You used to work in the packaging industry and be the Director of Product Development for Europe's top packaging business. The packaging is crucial since it serves to increase the product's value, prevent damage, and prolong its preservation. However, according to you, sir, why is packaging one of the limitations of Vietnamese agricultural and food products?
Vietnamese farmers excel in production but continue to struggle with marketing. Instead of Vietnamese people seeking customers on their own, Chinese businessmen travel to Vietnam to acquire a variety of Vietnamese exports. They lack the initiative to sell their products, as they are only focused on production, and merchants must come to the farm to purchase.
Due to the fact that they do not know how to sell, hardly any attention is paid to marketing, resulting in less attention to the packaging of agricultural goods after harvest. Mango, pomelo, and other fruits, after harvesting, are clearly placed in large containers or cartons for shipment. Thus, fruit quality will not be guaranteed, and the rate of loss will be considerable.
For example, lychees harvested in the north and transported to the south one day later will no longer be fresh. Hoa Loc mangoes are excellent, but their peel is thin, therefore transportation from Mekong Delta to Hanoi without adequate packaging may result in a 30-40 percent risk of damage and loss.
In addition to traditional and close markets like China, the popularity of Vietnamese agricultural goods and foods has increased in Europe and the United States. How do you assess the market penetration of Vietnamese agricultural goods and foods?
I discovered that Vietnamese producers hesitate to export their products to Europe and the United States. They only target overseas Vietnamese. However, the proportion of Vietnamese living abroad is relatively small in comparison to the total population of these nations.
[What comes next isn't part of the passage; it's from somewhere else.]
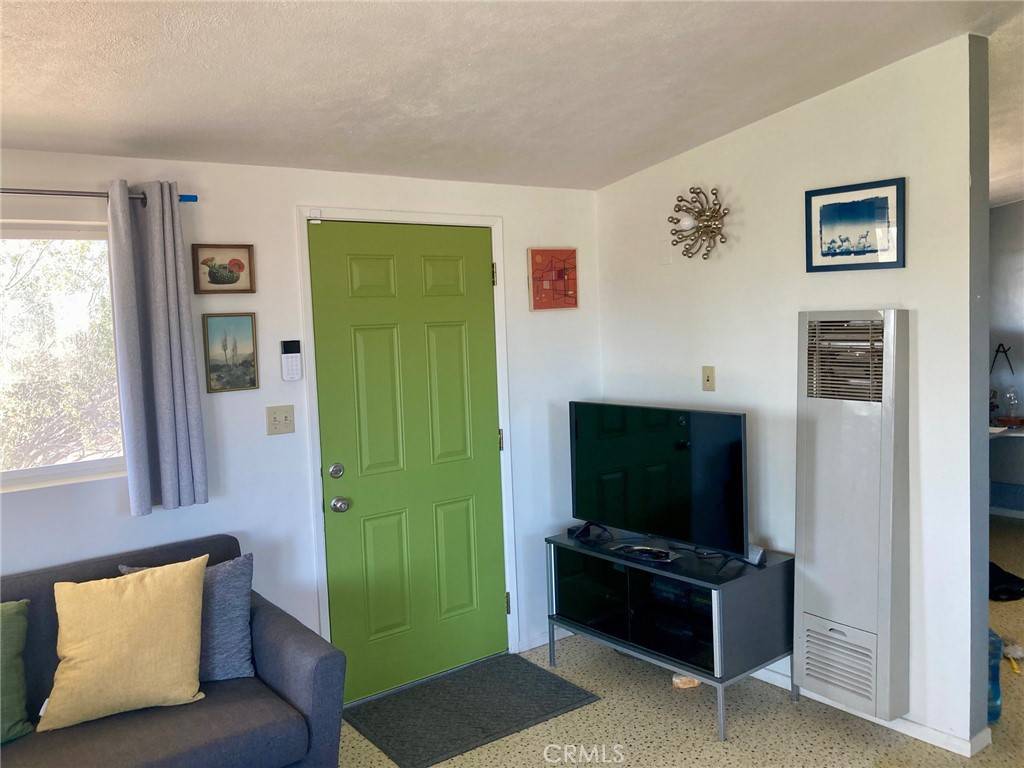 29 Palms, CA 92277,76253 Ramona RD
As a result, we must create agricultural products and foods aimed at a huge group of Europeans, Americans, and others, as opposed to selling solely to a small group of Vietnamese customers abroad.
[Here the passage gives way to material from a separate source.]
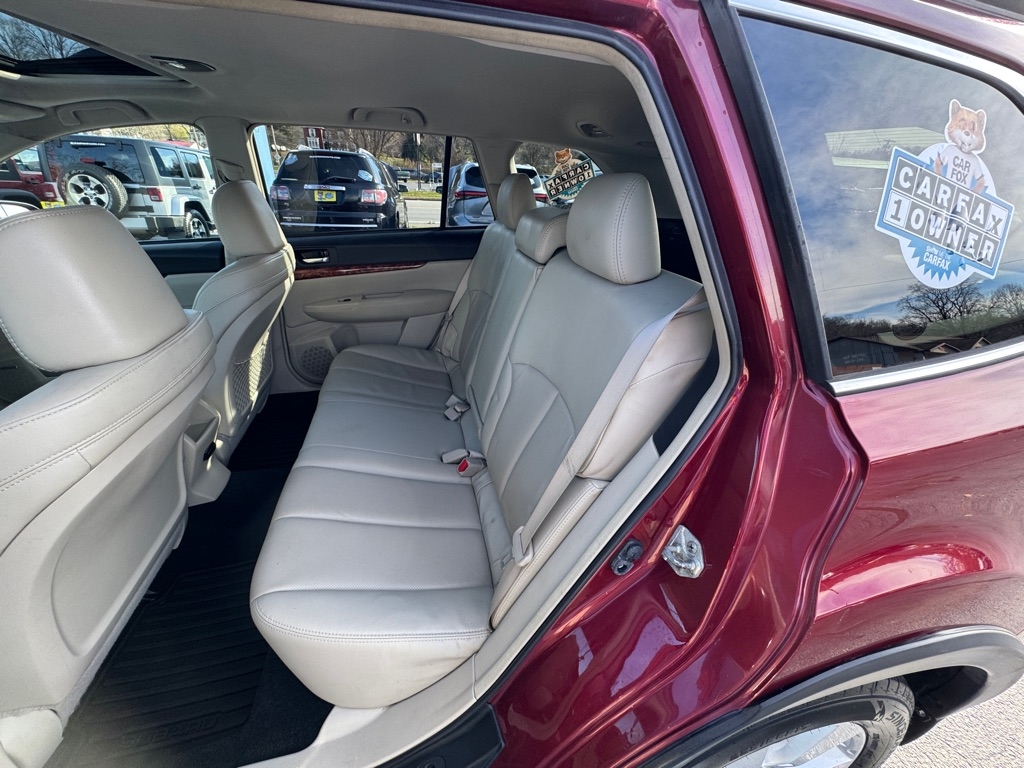 Subaru Outback 2.5i Limited 2011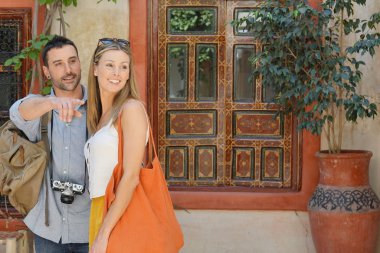 Geleneksel Fas riad keşfetmek şık çift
Consider coffee as an example. Vietnam's iced milk coffee is exclusively acceptable for the taste of Vietnamese people. Currently, two billion people across the world consume Espresso coffee every morning because it is a robust coffee that excites users.
Therefore, we must investigate the global coffee industry and develop coffee goods that fulfill the needs of the mass market.
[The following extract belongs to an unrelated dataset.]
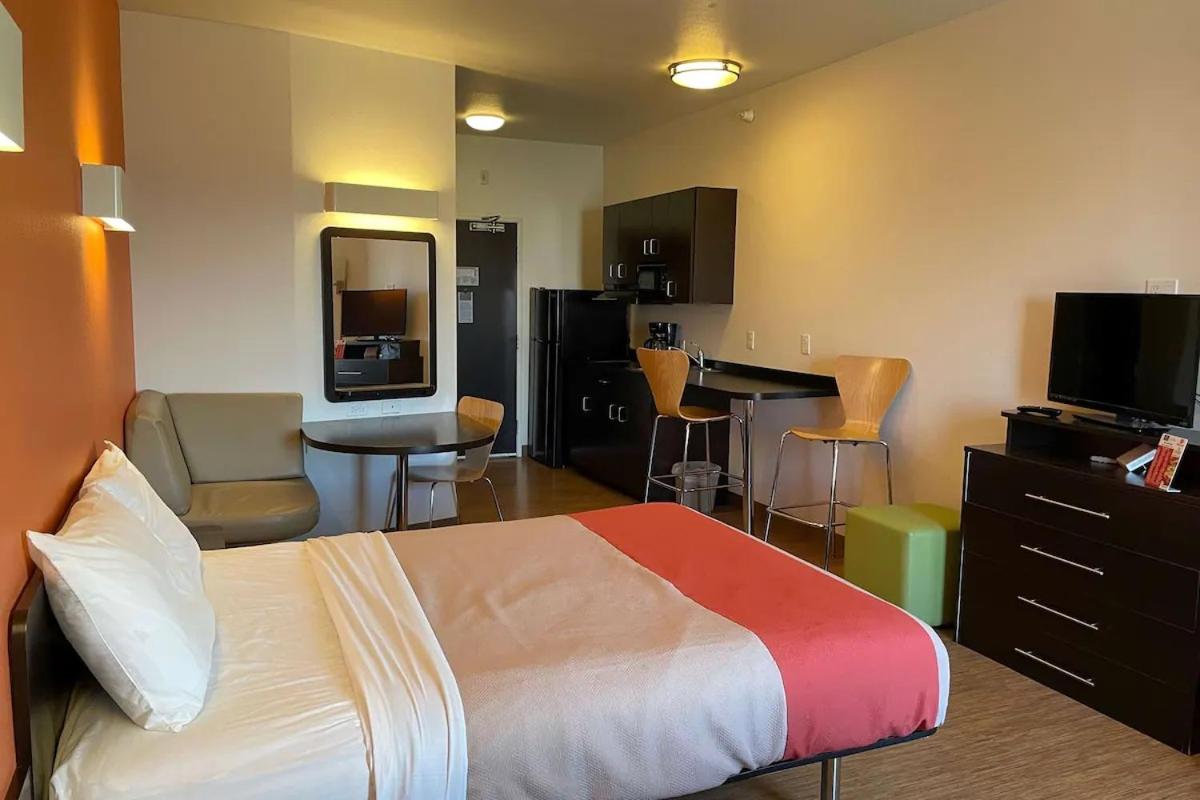 Studio Suite With One Queen Bed, One Twin Bed And Kitchenette, Non-Smoking photo 1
Three years ago, Central Retail Vietnam coordinated the "Vietpresso 2019 Contest" with 15 prominent coffee brands and coffee shops in Vietnam. Participants were instructed to create Espresso using just Vietnamese coffee. It intended to increase the value of Vietnamese coffee with the goal of exporting high-value coffee products to international markets.
In addition to coffee, Vietnam offers many other agricultural goods and delicacies that may be marketed to a large group in Europe and the United States, rather than only to Vietnamese living abroad. Since Vietnamese lychee is the greatest of its kind in the world, it cannot be sold just in Vietnamese or Asian markets and supermarkets in Europe; it must also be marketed in large supermarkets to reach Europeans.
Minister of Agriculture and Rural Development Le Minh Hoan once stated at an agricultural forum that we sell not only the product itself but also the narrative around it. In addition, he emphasized the need of sharing the histories of Vietnamese agricultural products and goods. What are your thoughts on the Minister's statement?
I agree with the Minister. With a 4,000-year history and a very rich history of agriculture, Vietnamese farmers have several tales to tell about their agricultural products and foods.
For instance, the lychee of Vietnam has a 200-year history. With such a lengthy history, there is much to say about this fruit. These narratives will bring considerable value to the lychee.
The French introduced the coffee tree to Vietnam in 1857, and it has been there for over two centuries. Consequently, there will be several tales concerning Vietnamese coffee beans. In Nam Can, Ca Mau, there are many unique folklores about the shrimp.
Not only can we share stories about Vietnam's history and culture, but also about its agricultural products and foods. Like the lonely Ly Son garlic, we must explain why this garlic is so good and pricey, as well as why each bulb has just one clove. In addition, customers from other nations must be "trained" on how to enjoy Vietnamese agricultural products and delicacies to their best. Similar to Thanh Ha lychee, if you chew it a bit more carefully, you will experience two flavors of sweet and sour that impart a fragrant scent.
In recent years, whenever we have organized a Vietnamese festival in Thailand, we have always intended to offer the finest of Vietnam to the Thai people. Additionally to novel and distinctive processed goods, there are also classic goods. For the previous five years, we have always presented Pho Nam Dinh to the trade fair as the ambassador of Vietnamese pho. Every day, we sell up to 600 bowls of pho. In order to sell such a great quantity, I must explain to the Thai people why the beef is so wonderful and why it pairs so well with the broth.